Noyac residents say they’re ‘inundated’ with chopper noise.

New Voluntary Helicopter Routes Debated

Helicopter pilots are being urged to use a southern approach to East Hampton Airport as well as the oft-used northern route, with predictable results: airport critics say the move does little to lessen the often-unbearable noise they experience. But as weather patterns change, the coming months may bring some relief.

One local pilot explained that the Sierra or southern route over the local ocean beach is too foggy; some pilots are uneasy, and passengers are afraid.

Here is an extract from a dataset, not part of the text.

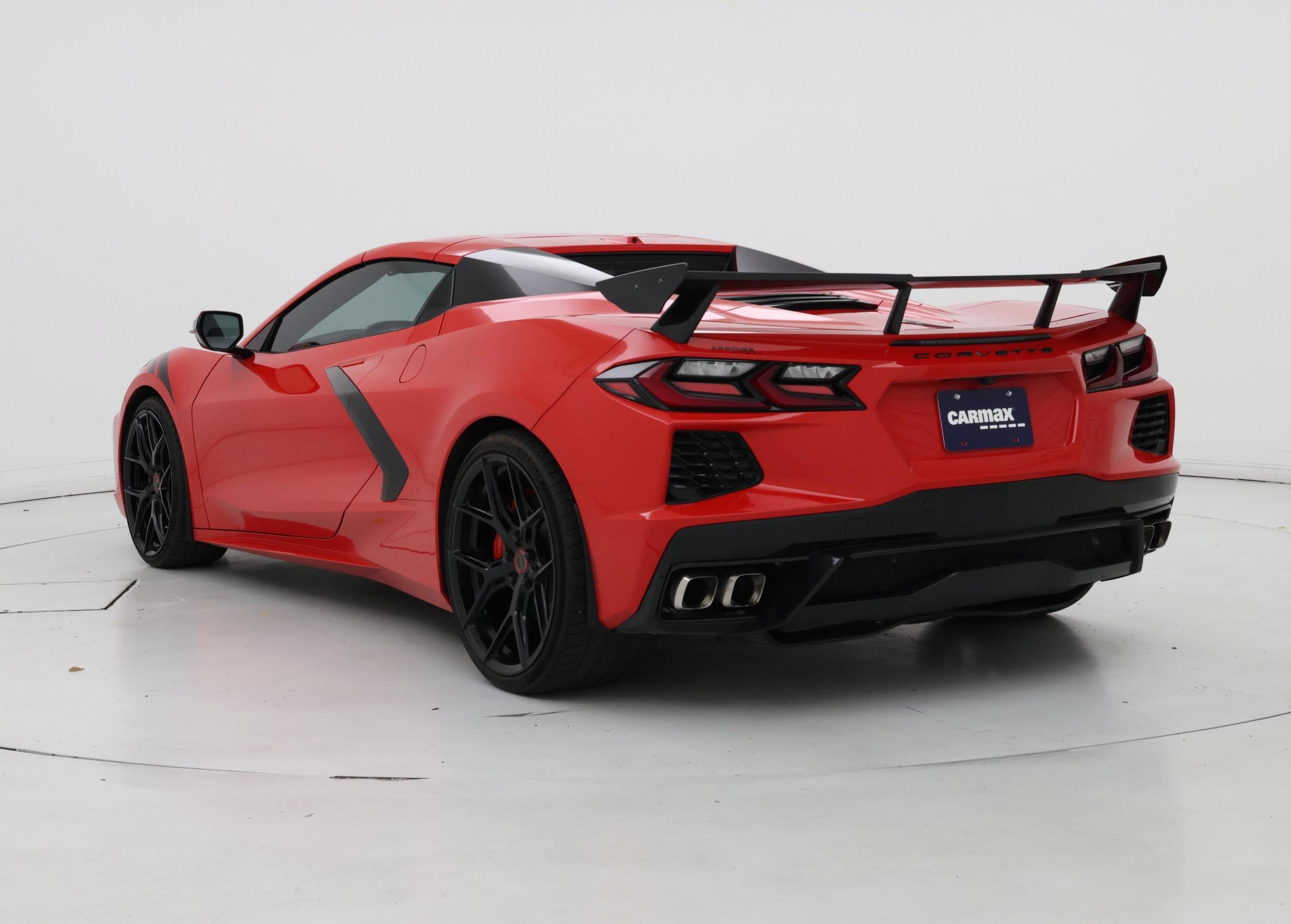 Thumbnail: 2020 Chevrolet Corvette - 2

Jeff Smith, chairman of the Eastern Region Helicopter Council, said we might yet notice a difference. “Fog shuts us down,” he said. “In May, June, and July we have a cold ocean and hot air.”

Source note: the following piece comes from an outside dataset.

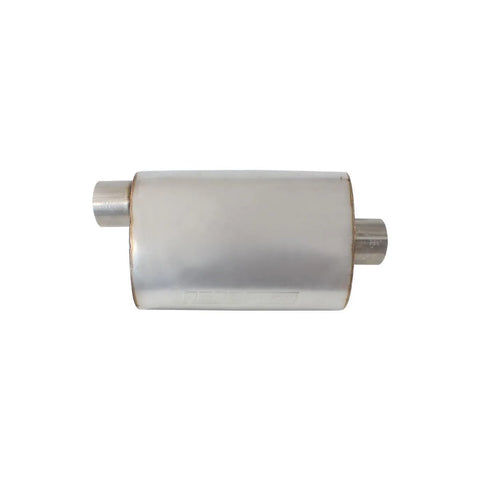 Aeroflow AF5501-250 2.5" Stainless Steel Offset/Center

That means the helicopters almost exclusively take the November (northern) route, cutting in from Robin’s Island into North Sea/Noyac and following the power lines. Meanwhile though, jets, prop planes, seaplanes, and the like land from the south side.

Whatever the case, Patricia Currie of Noyac lamented in a letter to the editor this week, “North Sea, Noyac, North Haven, Sag Harbor, and Bridgehampton residents are inundated with deafening helicopter noise [while] only a small area on the western flank of East Hampton Town [is] impacted by inbound helicopters.”

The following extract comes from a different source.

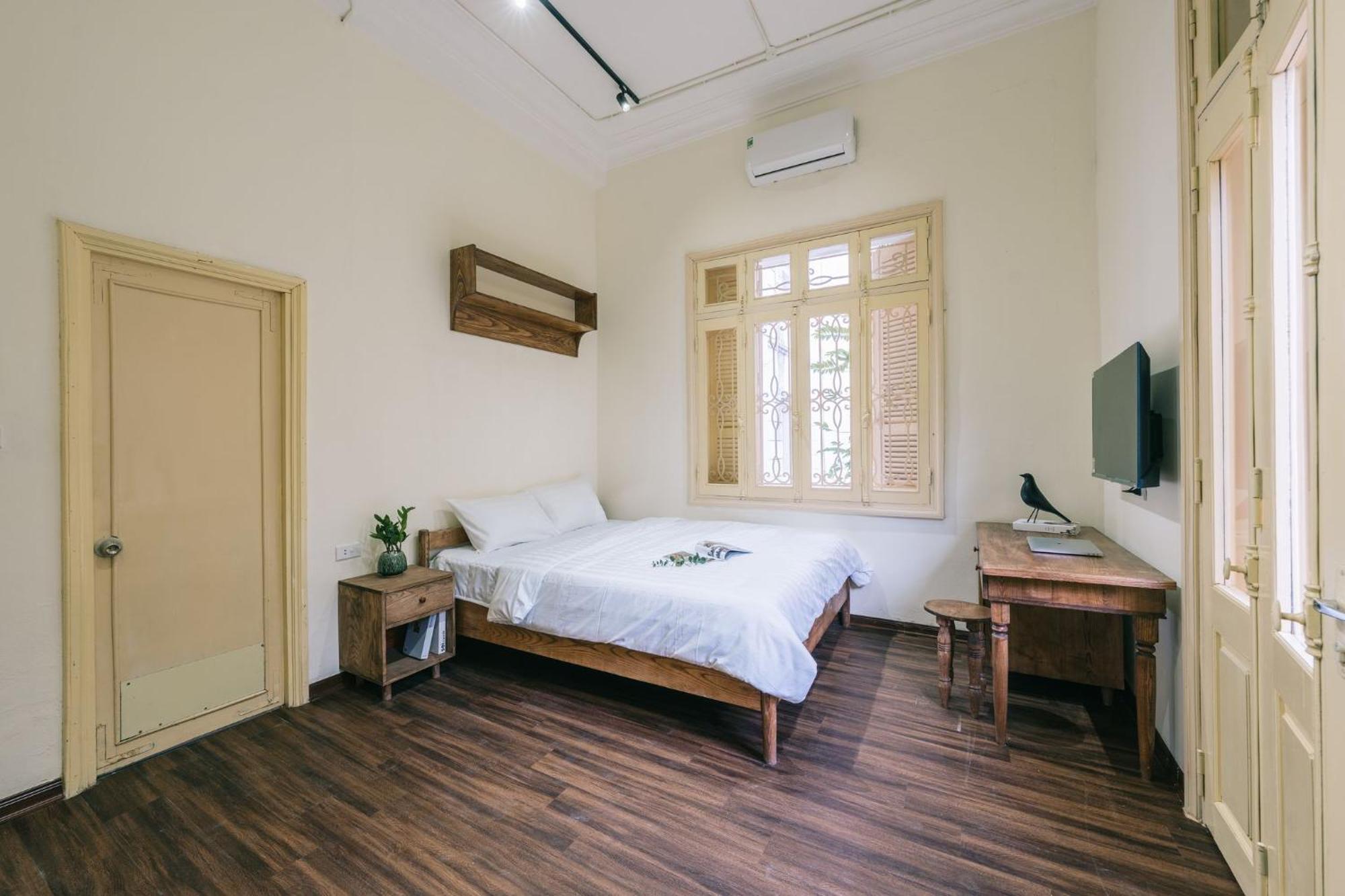 Amare Garden View Hanoi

Smith acknowledged the skies are crowded this time of the year. “We deal with it,” he said. The pilots by and large will take whatever route is recommended.

“We have a very good compliance rate, and the noise problem is important. But we can’t alleviate it at the expense of safety,” Smith added.

He said he would attend a meeting with the Airport Advisory Committee with Bruce Miller, chief air traffic controller, and town officials this week to discuss the next step, to encourage more helicopters to take the southern route. He noted Gabreski Airport in Westhampton sends a lot of planes out over the ocean, so crafts headed to East Hampton have to stay clear of the coastline until safely past the Westhampton airport. “Helicopters also have to avoid fixed wing planes,” he added.

Currie says she has the data to prove that the copters are coming in over her house. They should be 3500 feet above ground, but they make a distinctive and often abrasive noise, she noted.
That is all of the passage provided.